Problem to solve → The task calls for the lines below from the line with "Intermediate Relay Auxiliary" to the line with "Alternative view of", both ends included, copied exactly, without any pictures.

Source material →
+===+

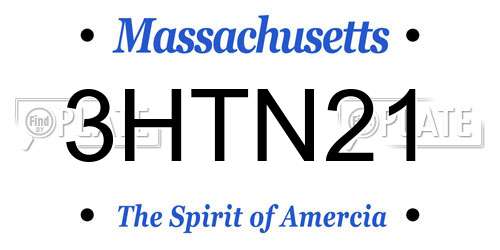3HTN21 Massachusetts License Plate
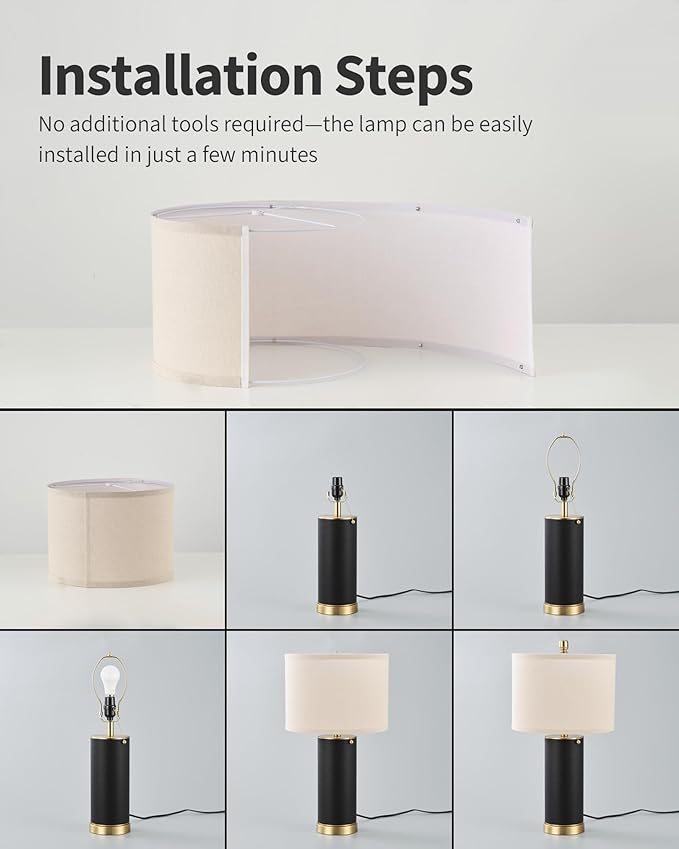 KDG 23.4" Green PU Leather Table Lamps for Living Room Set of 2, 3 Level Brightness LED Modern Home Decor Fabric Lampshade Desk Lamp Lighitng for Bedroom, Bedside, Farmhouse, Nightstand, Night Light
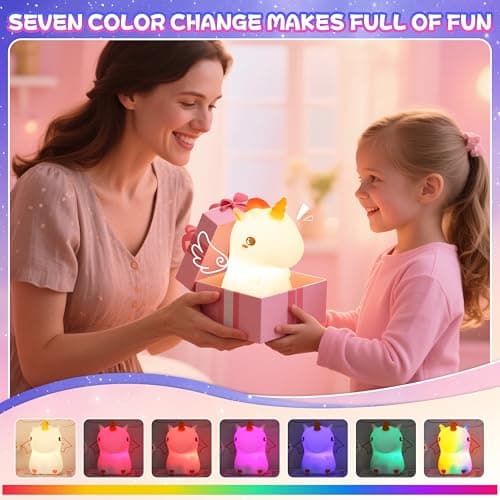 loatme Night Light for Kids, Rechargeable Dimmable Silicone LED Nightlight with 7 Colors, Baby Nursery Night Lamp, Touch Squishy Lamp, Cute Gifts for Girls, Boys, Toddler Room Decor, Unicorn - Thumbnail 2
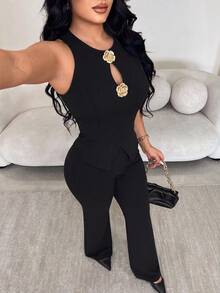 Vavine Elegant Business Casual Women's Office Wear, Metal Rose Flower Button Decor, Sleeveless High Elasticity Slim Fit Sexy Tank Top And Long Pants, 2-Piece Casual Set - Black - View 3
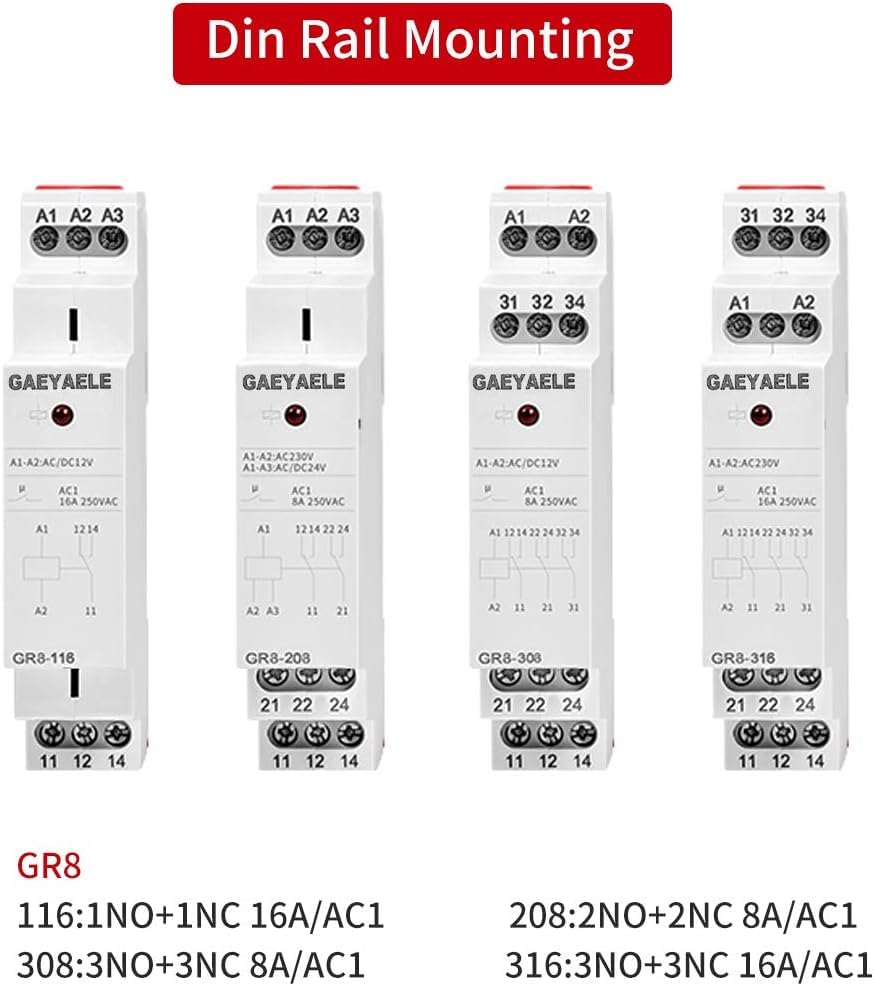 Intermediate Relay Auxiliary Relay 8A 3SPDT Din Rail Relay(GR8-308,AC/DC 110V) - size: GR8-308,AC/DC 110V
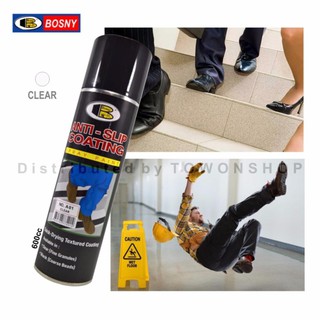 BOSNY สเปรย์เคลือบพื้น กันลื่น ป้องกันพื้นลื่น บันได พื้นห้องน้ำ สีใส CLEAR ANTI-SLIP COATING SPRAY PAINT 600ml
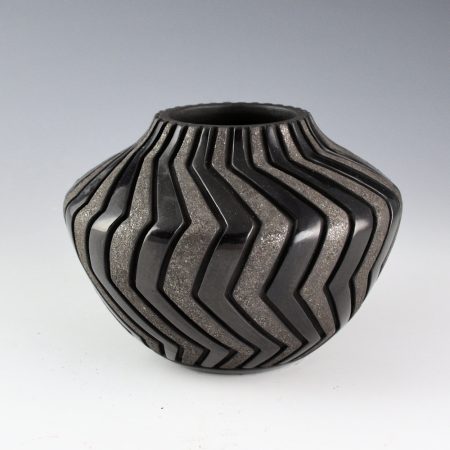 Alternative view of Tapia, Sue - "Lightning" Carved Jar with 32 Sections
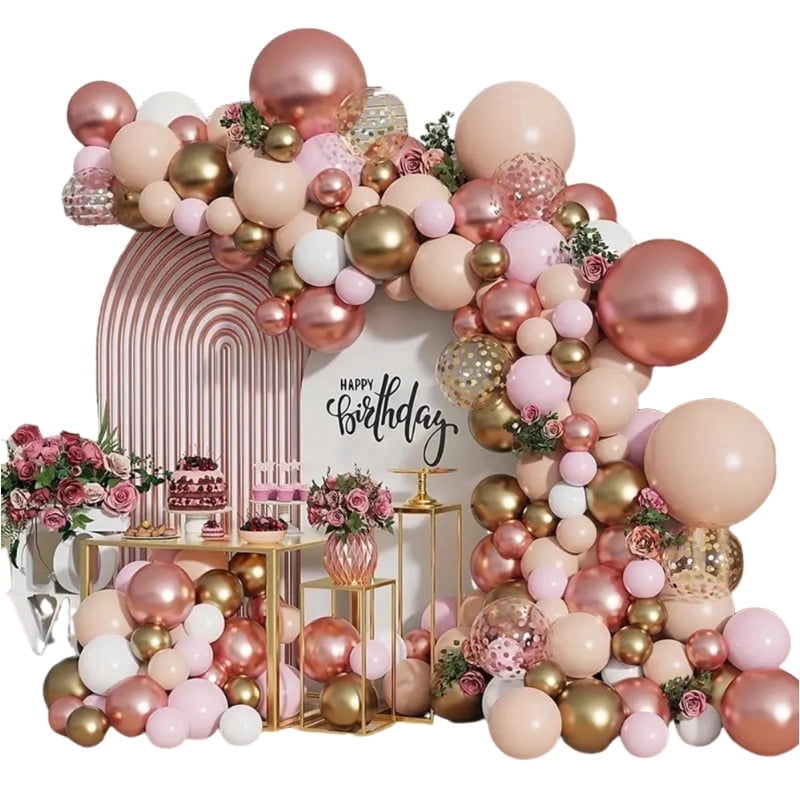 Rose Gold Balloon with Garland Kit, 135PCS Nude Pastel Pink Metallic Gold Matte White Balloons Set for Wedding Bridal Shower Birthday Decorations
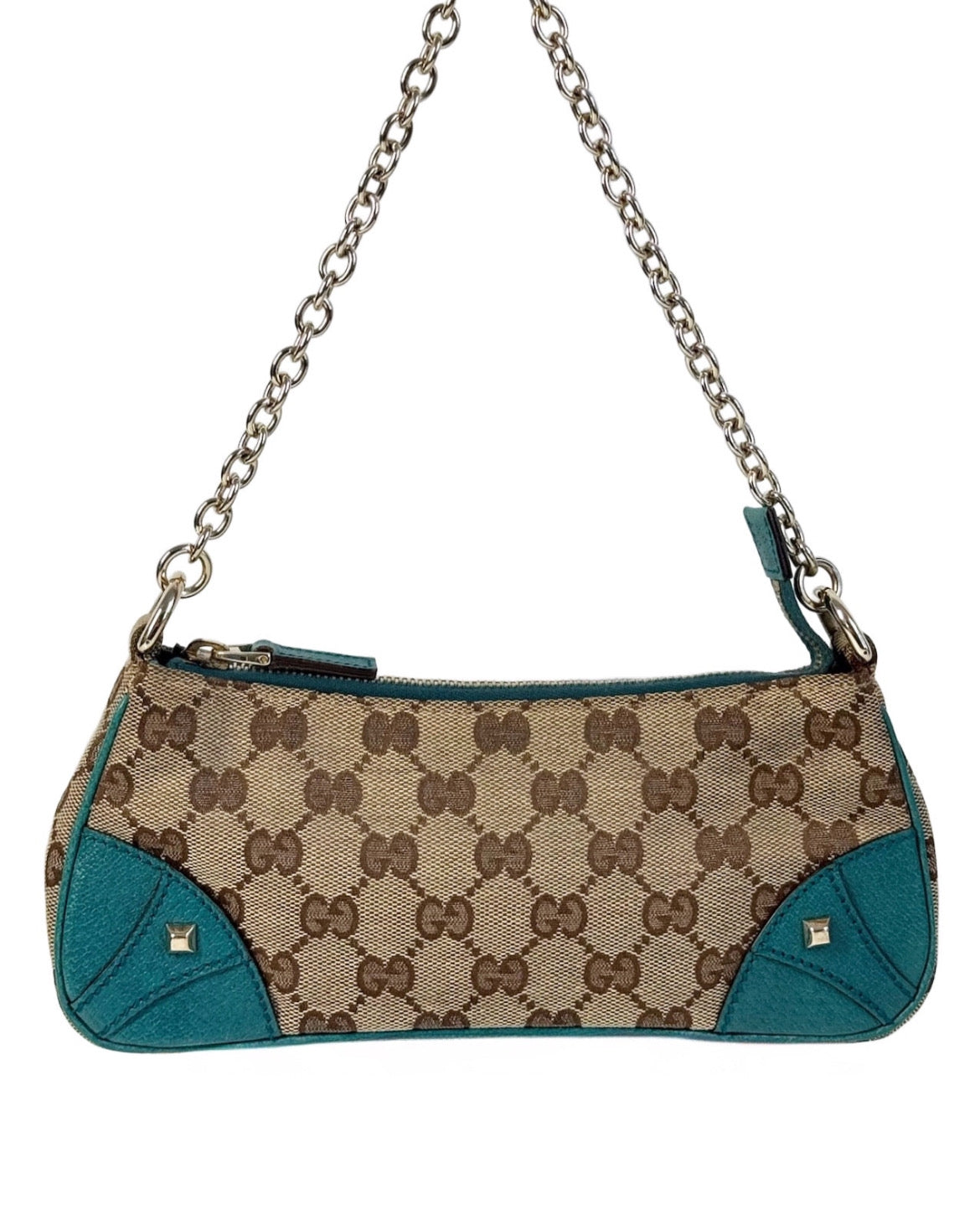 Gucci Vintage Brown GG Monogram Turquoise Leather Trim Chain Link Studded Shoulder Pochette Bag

+===+

Exercise result →
 Intermediate Relay Auxiliary Relay 8A 3SPDT Din Rail Relay(GR8-308,AC/DC 110V) - size: GR8-308,AC/DC 110V
 BOSNY สเปรย์เคลือบพื้น กันลื่น ป้องกันพื้นลื่น บันได พื้นห้องน้ำ สีใส CLEAR ANTI-SLIP COATING SPRAY PAINT 600ml
 Alternative view of Tapia, Sue - "Lightning" Carved Jar with 32 Sections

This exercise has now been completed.